Brief Description: Regulating agricultural activities.
Sponsors: Representatives Chandler and Chappell.
Brief History:
Committee Activity:
Agriculture & Ecology: 1/31/96, 2/1/96 [DPS].
HOUSE COMMITTEE ON AGRICULTURE & ECOLOGY
Majority Report: The substitute bill be substituted therefor and the substitute bill do pass. Signed by 11 members: Representatives Chandler, Chairman; Koster, Vice Chairman; Chappell, Ranking Minority Member; Linville, Assistant Ranking Minority Member; Boldt; Clements; Delvin; Honeyford; Johnson; Robertson and Schoesler.
Minority Report: Without recommendation. Signed by 5 members: Representatives R. Fisher; Murray; Ogden; Regala and Rust.
Staff: Kenneth Hirst (786-7105).
Background: The Washington Industrial Safety and Health Act (WISHA) is administered by the Department of Labor and Industries. Under WISHA, the department has adopted a safety standard for agriculture.

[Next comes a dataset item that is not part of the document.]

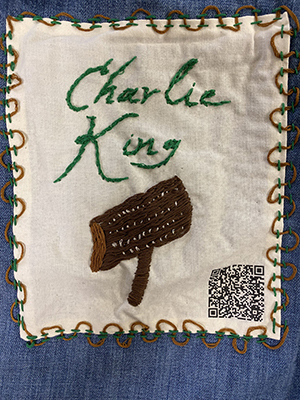 Sewn patch with the name Charlie King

The standard applies to all agricultural operations, which are defined as being operations necessary to farming and ranching, including maintenance of equipment and machinery, and planting, cultivating, growing or raising, keeping for sale, harvesting, or transporting on the farm or to the first place of processing any tree, plant, fruit, vegetable, animal, fowl, fish, or insects or products thereof. When employees are assigned to perform tasks other than those directly related to agricultural operations, the proper standard, which may be other than the agricultural standard, is to apply. The standard notes that such assignments may involve, but are not limited to activities, such as fruit and vegetable packing, logging, mining, sawmills, etc., when the products of such activities are removed from the farm site for commercial distribution.
Summary of Substitute Bill: To provide guidance in determining when operations related to agricultural products are to be regulated under WISHA as agricultural operations under agricultural safety standards, and when they are to be regulated as other activities, a definition of "agriculture" is provided by statute. For this purpose, "agriculture" means farming in all its branches and includes the cultivation and tillage of the soil and dairying; the production, cultivation, growing, and harvesting of any agricultural or horticultural commodity or private sector aquatic product; the raising of livestock, bees, fur-bearing animals, or poultry; and any practices (including forestry or lumbering operations) performed by a farmer or on a farm in conjunction with such farming operations, including preparation for market and delivery to storage, market, or carriers.
Substitute Bill Compared to Original Bill: Private sector aquatic products are expressly added by the substitute bill to the agricultural commodities regulated under the WISHA safety standard for agriculture. The substitute bill clarifies that the definition it provides is for determining when the safety standard for agriculture applies and when it does not.
Appropriation: None.
Fiscal Note: Not requested.
Effective Date of Substitute Bill: Ninety days after adjournment of session in which bill is passed.
Testimony For: (1) If a worker sorts strawberries in the field, the sorting comes under the agricultural standard. If the sorting takes place in a shed, it no longer falls under the agricultural standard. Farmers should not have to look beyond the "one book" of standards they were supposed to receive under legislation enacted last year, but the department continues to provide a moving target as to the standards that apply to them. (2) The department has one definition of agriculture for workers' compensation and wage and hour regulations and another for safety standards.
Testimony Against: None.
Testified: Chris Cheney, Washington Growers League; and Pat Boss, Hop Growers of Washington (in favor).